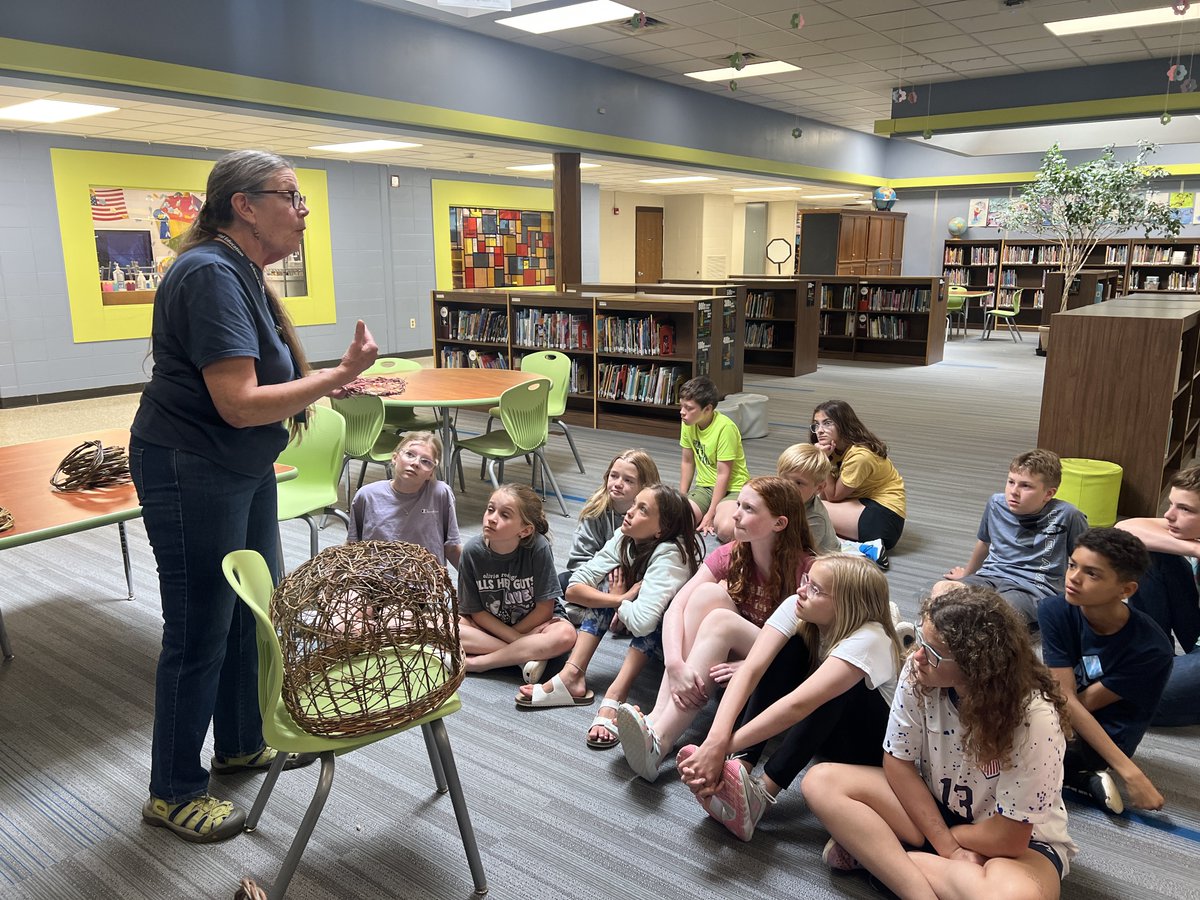 Erica Yoss tweet media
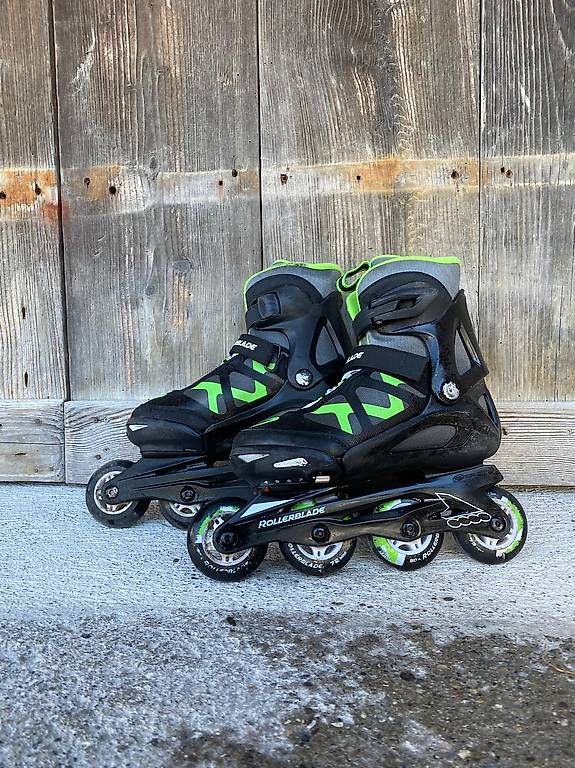 Pattini in linea & Pattini a rotelle: Rollerblades / Inlineskates Grösse 3640 gratis – Usato da Gutenswil venduto da Benist89 1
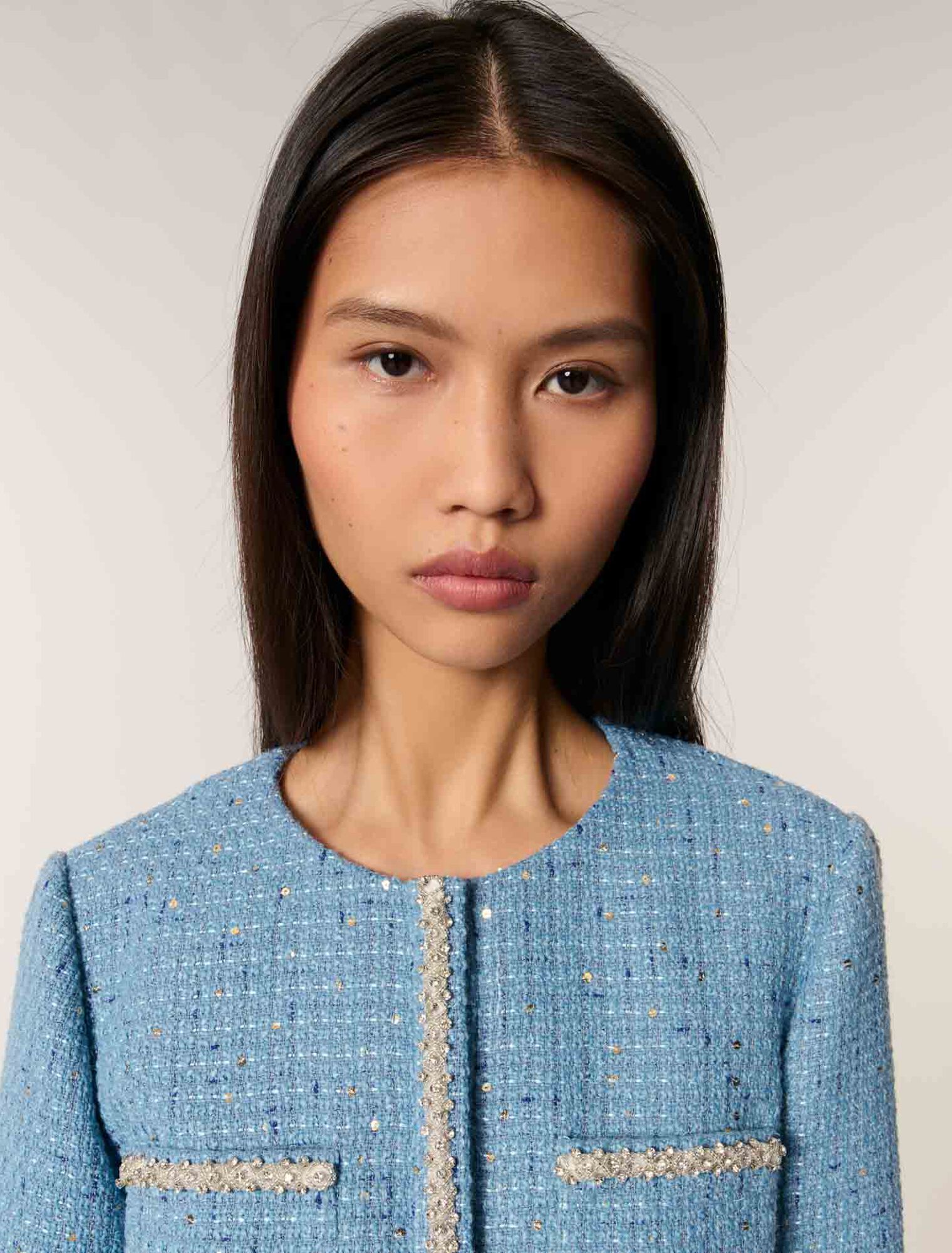 Kurze Tweedjacke mit Pailletten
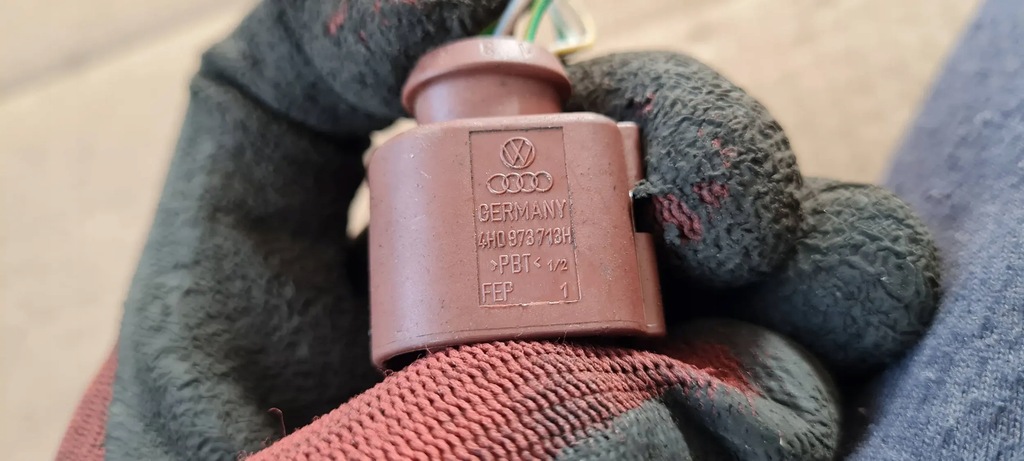 фото №11, A4 b9 8w штекер колодка соединитель 4h0973713h a5 8w q5 vw audi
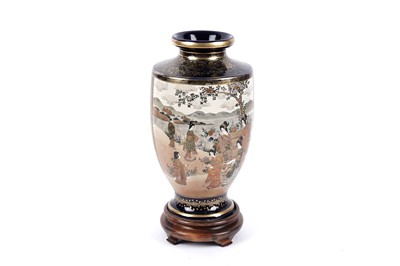 Lot 283 - A Japanese Satsuma vase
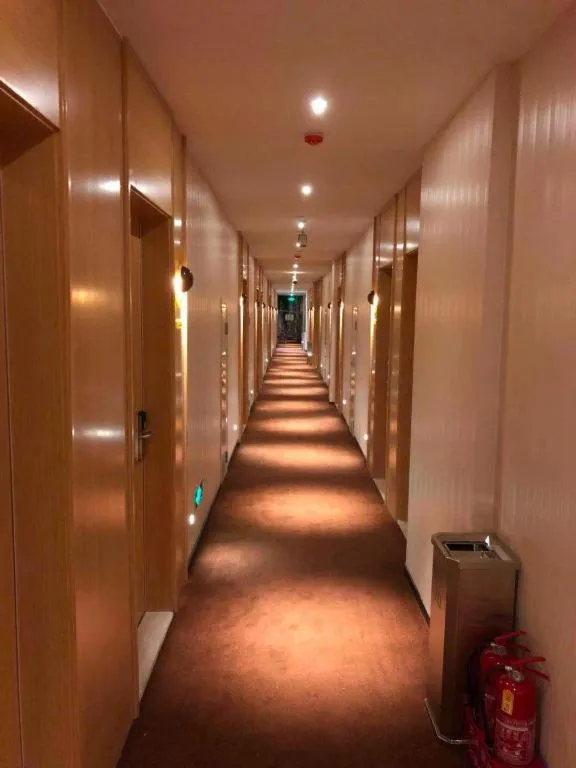 IU Hotels Xinzhou Bus Terminal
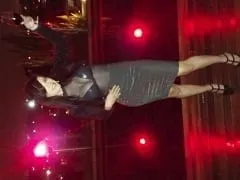 Lua Mendes, qui travaille comme escorte pour Sampa, s’exhibe nue dans le lit d’un motel sur des photos torrides.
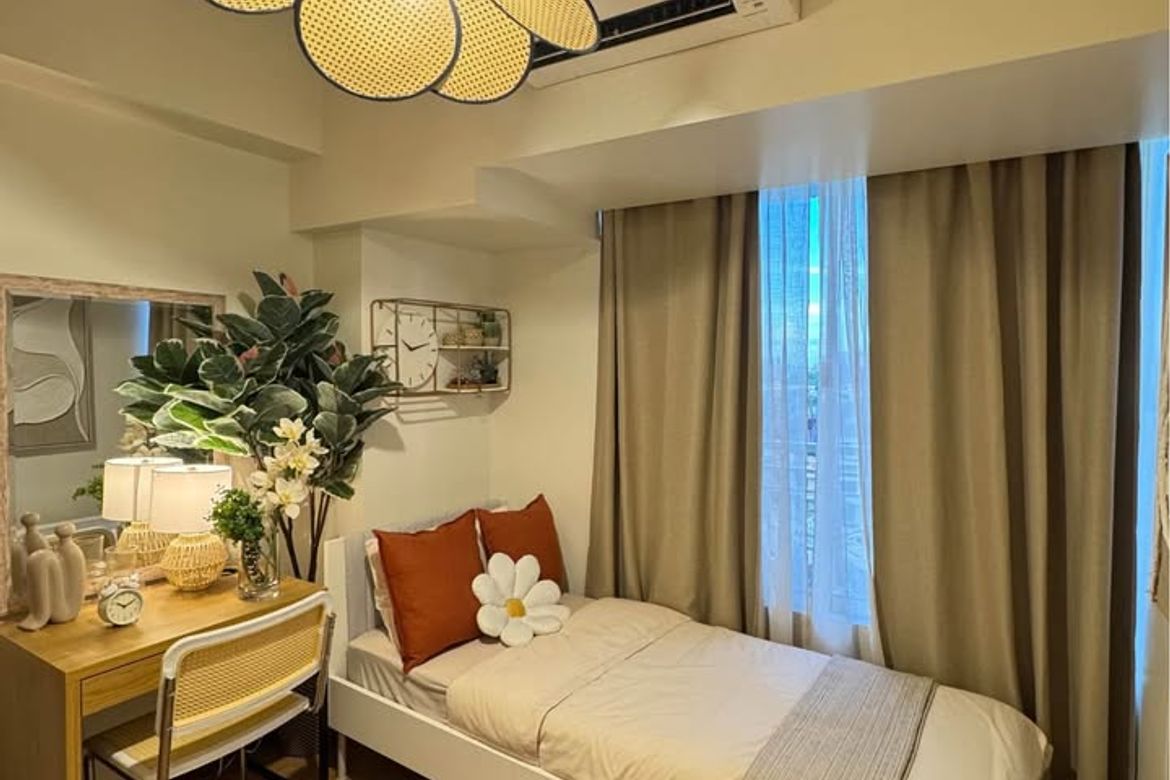 2 Bedroom Condo for Sale in The Crestmont, South Triangle, Quezon City, Metro Manila near MRT-3 Quezon Avenue – photo 7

■ **EXERCISE AIM**: Print exactly, and only, the lines from the one with "Kurze Tweedjacke mit Pailletten" through the last line of the listing above. No pictures belong in the copy.

■ **ANSWER TO THIS EXERCISE**:
 Kurze Tweedjacke mit Pailletten
 фото №11, A4 b9 8w штекер колодка соединитель 4h0973713h a5 8w q5 vw audi
 Lot 283 - A Japanese Satsuma vase
 IU Hotels Xinzhou Bus Terminal
 Lua Mendes, qui travaille comme escorte pour Sampa, s’exhibe nue dans le lit d’un motel sur des photos torrides.
 2 Bedroom Condo for Sale in The Crestmont, South Triangle, Quezon City, Metro Manila near MRT-3 Quezon Avenue – photo 7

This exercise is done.